You see, under OPEC rules, how much oil a country can sell each year depends on the size of its reserves. Bigger reserves allow you to sell more oil. And in that part of the world, oil revenues are political currency.

The editor of the newsletter alleged that OPEC governments were inflating their reserve figures in order to be allowed to sell more oil each year.

The evidence? They hadn’t spent a cent exploring for more oil, yet their reserve estimates never seemed to decline despite vast annual production.

The global economy was banking on vast phantom oil reserves flowing out of the Middle East for decades to come. But within a few years, the editor wrote, OPEC would abruptly run out of oil instead.

It was all very convincing.

And it turned out to be wrong.

These days, the world is so awash with black gold that President Trump can clog up the Strait of Hormuz without causing a proper panic.

But not everyone has been smart enough to ensure sufficient domestic supply.

Oil isn’t just energy, it’s independence

The Europeans, for example, have effectively destroyed their domestic oil and gas industries. Only Norway dodged the bullet. Even North Sea production has slowed to a trickle compared with its heyday.

As a result, Europe is now at the mercy of Putin’s Russia, Trump’s America, and Khamenei’s Iran. It continues to fund its adversaries by buying their oil and gas.

The UK has been here before. In the 1950s and 1970s, our reliance on foreign oil put us in a pickle.

Back in the 1970s, there was speculation that large oil reserves could be found around the Falkland Islands. That’s why Argentina invaded, the conspiracy theorists claimed. They wanted to secure their own energy independence too.

There didn’t appear to be much meat on the bones of the story. At least not until recently.

Yet the oil really was there all along.

The Falklanders have largely kept their natural resources policy at arm’s length from Westminster over the decades. Having confirmed that Ed Miliband couldn’t stop them, they set about approving development of the vast oilfields in their territorial waters.

Construction has officially begun on the Sea Lion oilfield in the North Falkland Basin. The Falklanders are now on track to receive around £80,000 in tax revenues per islander each year at peak production. That’s about 15 times Norway’s current level.

The Argentines have also begun producing vast amounts of gas from their Vaca Muerta formation.
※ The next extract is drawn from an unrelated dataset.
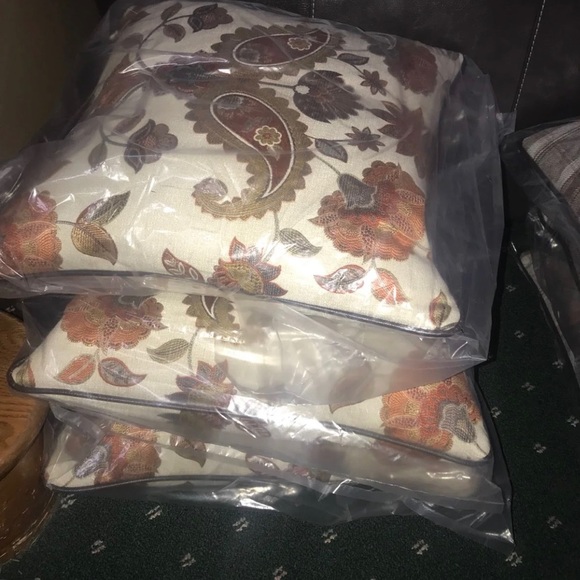 Home Decor Pillows - Picture 2 of 3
Now, even the Europeans are getting jealous.

Ed Miliband may now be willing to approve new North Sea oil projects, according to recent newspaper reports of “private conversations”.

The International Energy Agency is urging Europeans to reverse their ban on Arctic oil drilling to ensure they have domestic supplies.

Now, I’m not sure why the Arctic deserves more protection than anywhere else.

But if the Arctic gets the go-ahead, then there’s somewhere else with even greater promise on the menu.

It could make the Falklands’ oil projects look tiny. And it could transform the UK into an independent nation once again through energy independence.

Check out the details, and how to profit from them, here.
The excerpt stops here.